Using SLOB2 for PIO Testing
Working for Violin Memory means I get to play with a lot of high performance storage. This is a Good Thing. But with so much cool stuff available to mess around with, how do I go about differentiating the various products and versions in my lab? For example, if I get hold of a new Violin Memory MLC flash memory array, how hard can I drive it using Oracle? There are many load generation and benchmarking tools available out there, but I’m not interested in raw I/O performance – I can get that from the datasheet. I want to view the array through the lens of an Oracle database instance.
Even more importantly, I want to test the differences in performance as I change various parts of the equation: operating system, kernel, multipathing parameters, UDEV parameters, ASM configuration… What simple but effective tool can I use for this? Why I’m glad you asked. It’s the Silly Little Oracle Benchmark, also known as SLOB – and it’s currently available in version 2, AKA SLOB2.
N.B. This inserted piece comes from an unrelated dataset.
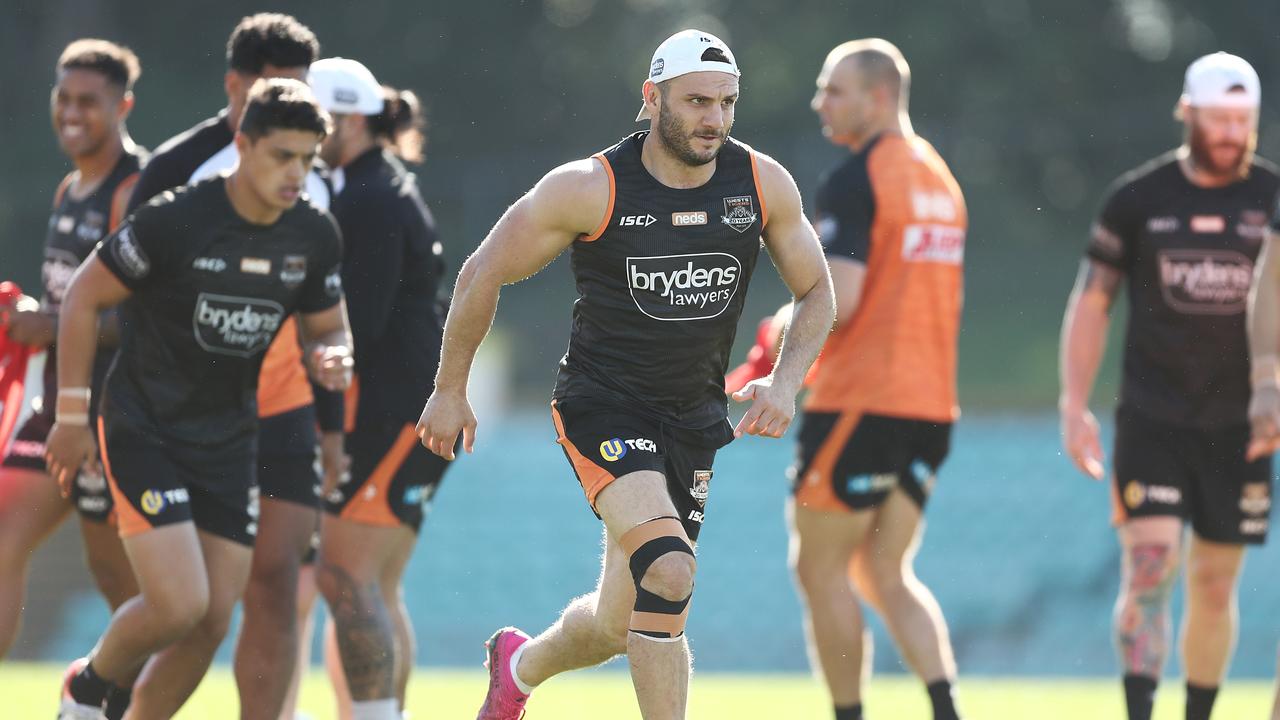 Robbie Farah runs during the Wests Tigers training session at Leichhardt Oval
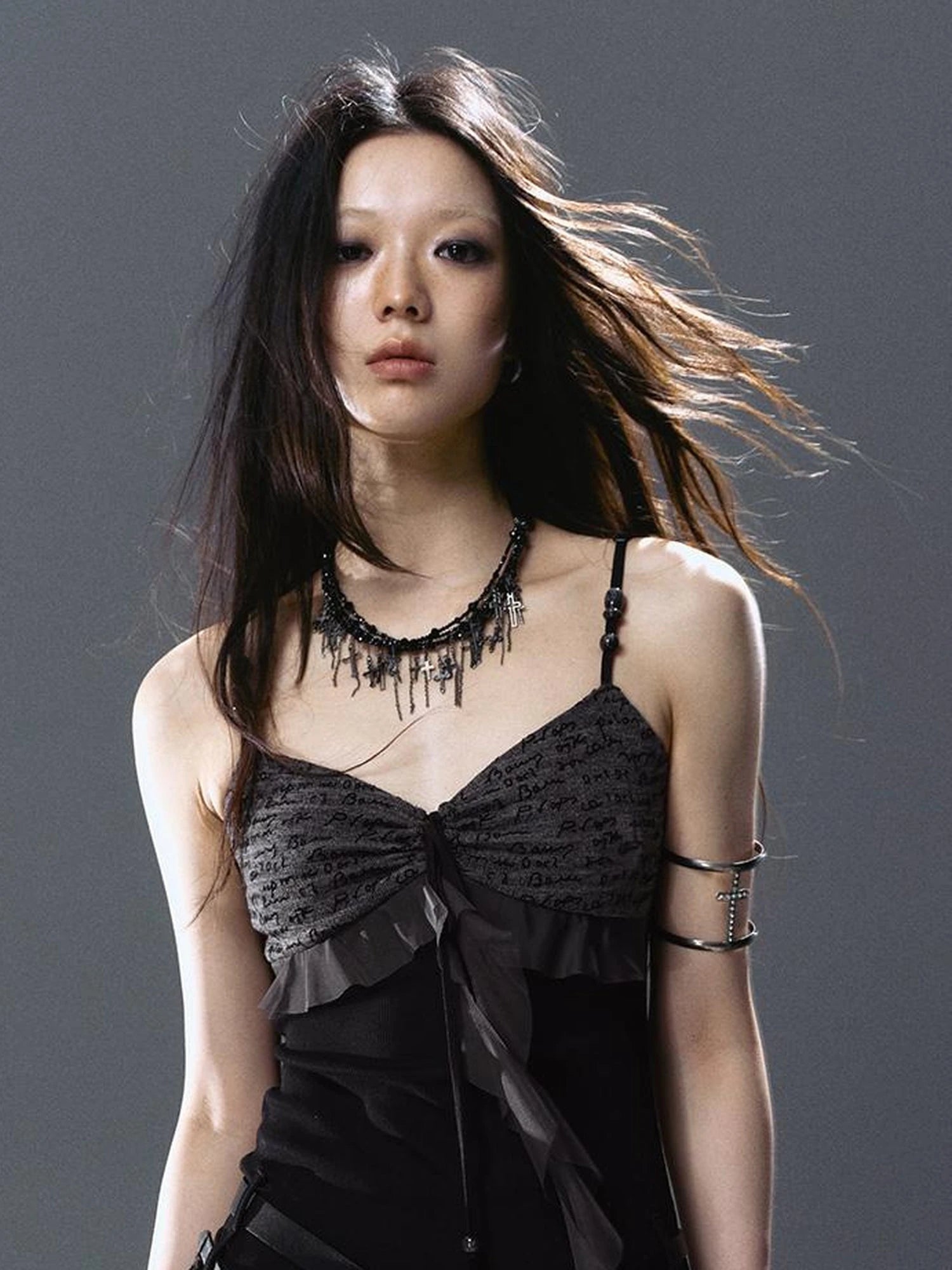 Seafoam Lace Up Ruffle Hem Slip Dress V Neck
I’m not going to explain any more about SLOB here, because that task has already been performed by Kevin. If you don’t already know what SLOB is, I highly recommend testing it out. The README and the download is located via the SLOB2 page on Kevin’s blog. You can also find more useful SLOB information from Yury, Brian and Karl, among others.
The reason I like SLOB is that I can use it to test physical I/O. I can run SLOB with a defined set of workers and then use the resultant AWR report to calculate the number of read/write IOPS and the average latency of those reads/writes. I can also set parameters to modify the percentage of calls which are modify DML and the elapsed time for each test. This allows me to create graphs of the target system’s performance characteristics.
One of the foibles of Oracle is that sometimes it decides it knows better than you about the size of various memory structures. This is true of the buffer cache – and one side effect of this behaviour is that sometimes it’s difficult to make Oracle perform physical I/O instead of logical I/O. For example, if I set my buffer cache to be 12M and then start up my instance I see a buffer cache of size 64M. Why? Well, from what I can make out based on limited testing and blatant ransacking of Paul Till’s work, it’s because Oracle appears to be setting the minimum buffer cache size to be the number of CPUs multiplied by the SGA granule size:
Min Buffer Cache = CPU_COUNT * _ksmg_granule_size
This needs further testing, but it definitely means the number of processor cores on my system is impeding me from pushing physical I/O. Here’s what happens when I call SLOB with 0 writers and 2 readers on the instance with the 64M buffer cache:
Logical reads: 9,773.7 Physical reads: 6,327.4 Buffer Hit %: 35.3
Now let’s drop the CPU_COUNT parameter down to 1 so that my buffer cache is actually confirming to the 12M setting in the parameter file:
Logical reads: 6,900.1 Physical reads: 6,547.0 Buffer Hit %: 5.1
I’m now driving much more physical I/O – the buffer cache hit ratio is down to 5%.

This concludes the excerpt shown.